— What you have to do —
What is needed is an exact copy of the lines in the listing below, from the one with "Cherry Blossom 10" up to and including the one with "Colour Works Silicone", with no other lines.

====

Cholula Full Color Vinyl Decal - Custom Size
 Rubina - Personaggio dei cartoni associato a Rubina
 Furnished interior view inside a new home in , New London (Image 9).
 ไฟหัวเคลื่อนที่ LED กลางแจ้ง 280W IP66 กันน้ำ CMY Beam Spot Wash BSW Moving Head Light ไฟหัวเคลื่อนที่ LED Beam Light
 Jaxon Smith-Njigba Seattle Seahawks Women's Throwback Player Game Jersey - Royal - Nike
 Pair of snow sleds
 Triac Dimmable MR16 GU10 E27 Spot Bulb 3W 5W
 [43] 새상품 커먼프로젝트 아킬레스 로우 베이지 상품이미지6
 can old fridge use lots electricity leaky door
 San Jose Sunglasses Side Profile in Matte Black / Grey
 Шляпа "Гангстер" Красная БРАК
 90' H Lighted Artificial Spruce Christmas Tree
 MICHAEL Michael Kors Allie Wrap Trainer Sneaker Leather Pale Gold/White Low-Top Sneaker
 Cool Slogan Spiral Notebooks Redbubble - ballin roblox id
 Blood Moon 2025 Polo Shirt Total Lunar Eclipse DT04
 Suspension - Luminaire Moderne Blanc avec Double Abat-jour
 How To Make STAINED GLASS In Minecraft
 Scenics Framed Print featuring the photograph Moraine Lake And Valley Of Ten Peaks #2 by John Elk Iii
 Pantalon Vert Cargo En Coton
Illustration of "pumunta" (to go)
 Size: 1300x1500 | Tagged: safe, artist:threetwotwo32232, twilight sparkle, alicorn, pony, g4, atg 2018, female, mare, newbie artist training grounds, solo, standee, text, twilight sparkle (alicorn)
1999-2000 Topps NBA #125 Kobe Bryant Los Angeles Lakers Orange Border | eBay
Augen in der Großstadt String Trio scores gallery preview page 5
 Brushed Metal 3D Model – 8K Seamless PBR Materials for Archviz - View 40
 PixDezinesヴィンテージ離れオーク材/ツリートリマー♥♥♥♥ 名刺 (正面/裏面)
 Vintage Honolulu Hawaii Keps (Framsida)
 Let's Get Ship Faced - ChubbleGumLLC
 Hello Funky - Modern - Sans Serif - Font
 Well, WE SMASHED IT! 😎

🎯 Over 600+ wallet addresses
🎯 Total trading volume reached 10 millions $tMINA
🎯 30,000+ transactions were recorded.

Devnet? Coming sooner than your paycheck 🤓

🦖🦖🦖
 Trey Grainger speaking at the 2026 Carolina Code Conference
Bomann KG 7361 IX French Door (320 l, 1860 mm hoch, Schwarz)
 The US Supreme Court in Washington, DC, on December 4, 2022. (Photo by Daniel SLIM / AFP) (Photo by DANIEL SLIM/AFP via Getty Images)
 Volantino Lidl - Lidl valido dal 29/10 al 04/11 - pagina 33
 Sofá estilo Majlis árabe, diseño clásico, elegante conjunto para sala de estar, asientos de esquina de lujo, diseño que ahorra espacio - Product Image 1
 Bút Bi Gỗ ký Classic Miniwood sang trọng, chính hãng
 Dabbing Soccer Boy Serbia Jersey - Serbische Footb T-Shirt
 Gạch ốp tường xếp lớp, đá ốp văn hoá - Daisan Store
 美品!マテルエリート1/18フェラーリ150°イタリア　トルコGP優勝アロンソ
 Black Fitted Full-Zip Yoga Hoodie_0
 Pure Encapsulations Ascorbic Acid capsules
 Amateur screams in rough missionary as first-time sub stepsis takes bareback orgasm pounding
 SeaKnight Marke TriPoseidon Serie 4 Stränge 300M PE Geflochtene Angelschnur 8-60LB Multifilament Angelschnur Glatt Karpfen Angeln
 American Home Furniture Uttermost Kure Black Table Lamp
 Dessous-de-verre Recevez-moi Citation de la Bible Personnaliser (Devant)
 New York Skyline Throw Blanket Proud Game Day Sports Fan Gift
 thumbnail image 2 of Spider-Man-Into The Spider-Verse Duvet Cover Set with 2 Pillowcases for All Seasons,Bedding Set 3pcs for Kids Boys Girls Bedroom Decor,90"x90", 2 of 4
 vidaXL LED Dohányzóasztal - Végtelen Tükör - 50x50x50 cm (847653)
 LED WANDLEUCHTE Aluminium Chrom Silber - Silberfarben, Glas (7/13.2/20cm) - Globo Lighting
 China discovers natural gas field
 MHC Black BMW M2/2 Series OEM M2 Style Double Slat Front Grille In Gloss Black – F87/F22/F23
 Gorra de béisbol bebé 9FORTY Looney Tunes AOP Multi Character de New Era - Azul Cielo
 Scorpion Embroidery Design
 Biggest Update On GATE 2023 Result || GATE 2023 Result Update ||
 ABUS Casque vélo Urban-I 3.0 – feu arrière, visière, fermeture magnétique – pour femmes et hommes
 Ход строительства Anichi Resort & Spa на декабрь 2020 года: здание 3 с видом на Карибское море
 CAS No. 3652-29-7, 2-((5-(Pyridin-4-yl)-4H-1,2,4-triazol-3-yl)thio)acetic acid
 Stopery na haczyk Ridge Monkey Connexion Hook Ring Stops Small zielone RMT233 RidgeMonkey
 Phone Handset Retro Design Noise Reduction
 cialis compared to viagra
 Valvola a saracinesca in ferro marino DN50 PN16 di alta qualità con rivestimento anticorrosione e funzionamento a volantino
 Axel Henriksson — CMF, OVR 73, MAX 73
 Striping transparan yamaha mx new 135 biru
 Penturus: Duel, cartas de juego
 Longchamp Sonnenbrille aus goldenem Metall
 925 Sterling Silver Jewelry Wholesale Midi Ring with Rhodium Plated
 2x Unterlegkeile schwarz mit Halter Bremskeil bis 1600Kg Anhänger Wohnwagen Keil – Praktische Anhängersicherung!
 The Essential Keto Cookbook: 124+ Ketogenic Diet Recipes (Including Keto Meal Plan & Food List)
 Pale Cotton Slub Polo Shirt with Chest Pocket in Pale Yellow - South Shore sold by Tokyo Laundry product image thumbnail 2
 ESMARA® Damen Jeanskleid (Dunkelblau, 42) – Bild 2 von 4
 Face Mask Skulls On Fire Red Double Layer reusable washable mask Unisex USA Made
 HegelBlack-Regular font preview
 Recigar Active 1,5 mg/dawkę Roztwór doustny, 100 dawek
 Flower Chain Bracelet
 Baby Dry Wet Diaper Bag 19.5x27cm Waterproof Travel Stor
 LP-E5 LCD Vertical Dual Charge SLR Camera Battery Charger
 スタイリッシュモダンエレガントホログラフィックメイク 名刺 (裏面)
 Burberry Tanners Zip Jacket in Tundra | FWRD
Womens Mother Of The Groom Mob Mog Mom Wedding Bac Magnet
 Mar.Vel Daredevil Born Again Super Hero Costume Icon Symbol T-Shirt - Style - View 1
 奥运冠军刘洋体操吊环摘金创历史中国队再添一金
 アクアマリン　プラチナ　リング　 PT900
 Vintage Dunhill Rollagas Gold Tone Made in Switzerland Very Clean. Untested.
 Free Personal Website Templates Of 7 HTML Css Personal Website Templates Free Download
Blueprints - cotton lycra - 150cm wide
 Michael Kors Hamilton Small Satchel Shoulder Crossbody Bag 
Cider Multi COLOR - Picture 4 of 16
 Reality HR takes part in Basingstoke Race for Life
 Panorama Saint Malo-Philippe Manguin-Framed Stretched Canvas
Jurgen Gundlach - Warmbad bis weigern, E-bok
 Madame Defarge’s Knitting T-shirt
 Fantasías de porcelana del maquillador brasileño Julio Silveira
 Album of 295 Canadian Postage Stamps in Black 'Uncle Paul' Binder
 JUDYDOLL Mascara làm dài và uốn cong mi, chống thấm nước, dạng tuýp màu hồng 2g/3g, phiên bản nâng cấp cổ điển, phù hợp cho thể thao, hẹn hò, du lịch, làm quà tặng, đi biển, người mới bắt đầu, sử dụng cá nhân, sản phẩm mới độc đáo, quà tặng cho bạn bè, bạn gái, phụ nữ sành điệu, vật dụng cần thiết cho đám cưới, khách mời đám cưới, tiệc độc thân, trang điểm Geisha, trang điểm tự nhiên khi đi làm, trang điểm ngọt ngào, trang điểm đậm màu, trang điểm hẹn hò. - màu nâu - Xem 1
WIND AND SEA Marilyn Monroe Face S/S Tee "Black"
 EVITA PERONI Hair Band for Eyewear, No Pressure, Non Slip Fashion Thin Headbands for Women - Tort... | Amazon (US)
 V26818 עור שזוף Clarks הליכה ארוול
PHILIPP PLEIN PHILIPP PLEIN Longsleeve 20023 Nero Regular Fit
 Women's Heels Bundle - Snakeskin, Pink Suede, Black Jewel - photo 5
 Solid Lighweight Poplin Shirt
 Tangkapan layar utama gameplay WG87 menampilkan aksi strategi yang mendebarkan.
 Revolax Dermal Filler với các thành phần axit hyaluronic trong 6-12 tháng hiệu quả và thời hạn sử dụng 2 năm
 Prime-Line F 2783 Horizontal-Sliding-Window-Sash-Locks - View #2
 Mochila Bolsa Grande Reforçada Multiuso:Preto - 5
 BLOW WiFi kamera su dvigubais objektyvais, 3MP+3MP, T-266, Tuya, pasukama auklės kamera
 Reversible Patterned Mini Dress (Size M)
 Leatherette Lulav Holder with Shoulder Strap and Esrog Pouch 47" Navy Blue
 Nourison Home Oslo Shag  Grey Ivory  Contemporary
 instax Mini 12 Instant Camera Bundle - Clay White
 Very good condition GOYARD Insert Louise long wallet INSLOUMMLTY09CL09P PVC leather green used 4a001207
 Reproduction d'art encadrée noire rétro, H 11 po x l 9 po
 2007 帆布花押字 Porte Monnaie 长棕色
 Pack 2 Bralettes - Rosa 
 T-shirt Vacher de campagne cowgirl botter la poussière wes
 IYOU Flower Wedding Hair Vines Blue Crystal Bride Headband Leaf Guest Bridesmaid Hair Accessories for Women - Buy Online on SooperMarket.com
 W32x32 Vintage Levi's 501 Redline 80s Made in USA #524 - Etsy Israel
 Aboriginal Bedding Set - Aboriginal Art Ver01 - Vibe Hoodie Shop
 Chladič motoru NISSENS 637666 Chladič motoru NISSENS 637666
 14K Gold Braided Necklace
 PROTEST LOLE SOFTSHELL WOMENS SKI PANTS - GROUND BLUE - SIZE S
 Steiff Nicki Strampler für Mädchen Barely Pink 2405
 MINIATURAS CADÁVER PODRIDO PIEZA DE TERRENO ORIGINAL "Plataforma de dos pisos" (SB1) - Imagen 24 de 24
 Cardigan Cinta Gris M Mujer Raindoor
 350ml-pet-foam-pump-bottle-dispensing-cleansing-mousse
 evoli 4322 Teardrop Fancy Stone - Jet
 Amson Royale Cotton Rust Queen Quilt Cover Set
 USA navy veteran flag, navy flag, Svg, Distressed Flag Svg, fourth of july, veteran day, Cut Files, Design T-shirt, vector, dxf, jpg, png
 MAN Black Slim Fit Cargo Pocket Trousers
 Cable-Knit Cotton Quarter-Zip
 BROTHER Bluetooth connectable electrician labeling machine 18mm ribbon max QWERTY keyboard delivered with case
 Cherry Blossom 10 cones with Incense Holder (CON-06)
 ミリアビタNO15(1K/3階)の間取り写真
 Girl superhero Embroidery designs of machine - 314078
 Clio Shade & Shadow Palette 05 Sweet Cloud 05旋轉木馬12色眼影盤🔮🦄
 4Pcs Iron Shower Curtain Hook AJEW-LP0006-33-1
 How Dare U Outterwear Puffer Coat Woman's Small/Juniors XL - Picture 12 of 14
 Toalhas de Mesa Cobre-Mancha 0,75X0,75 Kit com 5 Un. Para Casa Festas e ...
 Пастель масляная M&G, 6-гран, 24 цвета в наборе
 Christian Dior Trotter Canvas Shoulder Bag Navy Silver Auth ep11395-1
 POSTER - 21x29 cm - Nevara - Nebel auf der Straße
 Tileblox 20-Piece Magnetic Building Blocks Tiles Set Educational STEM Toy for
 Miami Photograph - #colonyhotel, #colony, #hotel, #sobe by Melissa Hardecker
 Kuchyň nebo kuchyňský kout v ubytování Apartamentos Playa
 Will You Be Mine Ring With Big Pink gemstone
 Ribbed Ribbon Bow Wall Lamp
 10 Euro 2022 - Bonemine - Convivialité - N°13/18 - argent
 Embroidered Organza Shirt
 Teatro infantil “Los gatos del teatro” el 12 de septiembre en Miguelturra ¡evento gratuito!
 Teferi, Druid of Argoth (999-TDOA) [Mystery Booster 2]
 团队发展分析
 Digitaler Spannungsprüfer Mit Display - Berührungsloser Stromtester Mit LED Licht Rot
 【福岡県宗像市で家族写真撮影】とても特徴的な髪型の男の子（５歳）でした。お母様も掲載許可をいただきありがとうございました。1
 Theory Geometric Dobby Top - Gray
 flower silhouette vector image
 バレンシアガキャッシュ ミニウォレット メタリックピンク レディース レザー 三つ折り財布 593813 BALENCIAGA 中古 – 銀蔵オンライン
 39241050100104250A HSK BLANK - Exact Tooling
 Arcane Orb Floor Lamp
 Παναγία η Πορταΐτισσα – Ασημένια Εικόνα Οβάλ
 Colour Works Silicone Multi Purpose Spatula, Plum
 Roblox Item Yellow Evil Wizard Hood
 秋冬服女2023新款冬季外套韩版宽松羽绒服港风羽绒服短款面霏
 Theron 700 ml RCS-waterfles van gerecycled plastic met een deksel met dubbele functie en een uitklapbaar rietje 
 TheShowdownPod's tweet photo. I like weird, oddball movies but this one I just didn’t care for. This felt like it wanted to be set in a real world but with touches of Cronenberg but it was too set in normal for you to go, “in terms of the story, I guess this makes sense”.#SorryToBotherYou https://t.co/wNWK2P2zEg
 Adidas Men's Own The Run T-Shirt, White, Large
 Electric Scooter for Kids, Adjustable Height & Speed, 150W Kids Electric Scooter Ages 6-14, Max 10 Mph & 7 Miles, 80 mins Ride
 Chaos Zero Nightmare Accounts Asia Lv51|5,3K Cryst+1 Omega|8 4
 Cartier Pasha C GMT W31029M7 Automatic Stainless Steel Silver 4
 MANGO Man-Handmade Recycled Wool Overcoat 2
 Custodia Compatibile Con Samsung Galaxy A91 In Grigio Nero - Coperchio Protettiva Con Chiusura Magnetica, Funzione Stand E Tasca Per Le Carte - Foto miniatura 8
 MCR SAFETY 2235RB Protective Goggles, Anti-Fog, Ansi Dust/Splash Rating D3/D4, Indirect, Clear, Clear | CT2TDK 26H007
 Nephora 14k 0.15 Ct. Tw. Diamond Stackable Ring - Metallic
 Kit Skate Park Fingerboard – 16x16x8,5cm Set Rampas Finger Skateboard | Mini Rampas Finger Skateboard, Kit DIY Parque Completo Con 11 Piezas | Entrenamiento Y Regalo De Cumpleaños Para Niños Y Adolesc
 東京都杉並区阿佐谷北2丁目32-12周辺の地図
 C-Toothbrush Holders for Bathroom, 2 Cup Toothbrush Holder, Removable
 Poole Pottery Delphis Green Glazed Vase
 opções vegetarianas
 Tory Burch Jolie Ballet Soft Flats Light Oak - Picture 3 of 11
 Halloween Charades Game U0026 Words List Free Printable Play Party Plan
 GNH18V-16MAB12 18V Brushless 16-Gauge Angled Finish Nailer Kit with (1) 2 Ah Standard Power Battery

====

— Response area —
 Cherry Blossom 10 cones with Incense Holder (CON-06)
 ミリアビタNO15(1K/3階)の間取り写真
 Girl superhero Embroidery designs of machine - 314078
 Clio Shade & Shadow Palette 05 Sweet Cloud 05旋轉木馬12色眼影盤🔮🦄
 4Pcs Iron Shower Curtain Hook AJEW-LP0006-33-1
 How Dare U Outterwear Puffer Coat Woman's Small/Juniors XL - Picture 12 of 14
 Toalhas de Mesa Cobre-Mancha 0,75X0,75 Kit com 5 Un. Para Casa Festas e ...
 Пастель масляная M&G, 6-гран, 24 цвета в наборе
 Christian Dior Trotter Canvas Shoulder Bag Navy Silver Auth ep11395-1
 POSTER - 21x29 cm - Nevara - Nebel auf der Straße
 Tileblox 20-Piece Magnetic Building Blocks Tiles Set Educational STEM Toy for
 Miami Photograph - #colonyhotel, #colony, #hotel, #sobe by Melissa Hardecker
 Kuchyň nebo kuchyňský kout v ubytování Apartamentos Playa
 Will You Be Mine Ring With Big Pink gemstone
 Ribbed Ribbon Bow Wall Lamp
 10 Euro 2022 - Bonemine - Convivialité - N°13/18 - argent
 Embroidered Organza Shirt
 Teatro infantil “Los gatos del teatro” el 12 de septiembre en Miguelturra ¡evento gratuito!
 Teferi, Druid of Argoth (999-TDOA) [Mystery Booster 2]
 团队发展分析
 Digitaler Spannungsprüfer Mit Display - Berührungsloser Stromtester Mit LED Licht Rot
 【福岡県宗像市で家族写真撮影】とても特徴的な髪型の男の子（５歳）でした。お母様も掲載許可をいただきありがとうございました。1
 Theory Geometric Dobby Top - Gray
 flower silhouette vector image
 バレンシアガキャッシュ ミニウォレット メタリックピンク レディース レザー 三つ折り財布 593813 BALENCIAGA 中古 – 銀蔵オンライン
 39241050100104250A HSK BLANK - Exact Tooling
 Arcane Orb Floor Lamp
 Παναγία η Πορταΐτισσα – Ασημένια Εικόνα Οβάλ
 Colour Works Silicone Multi Purpose Spatula, Plum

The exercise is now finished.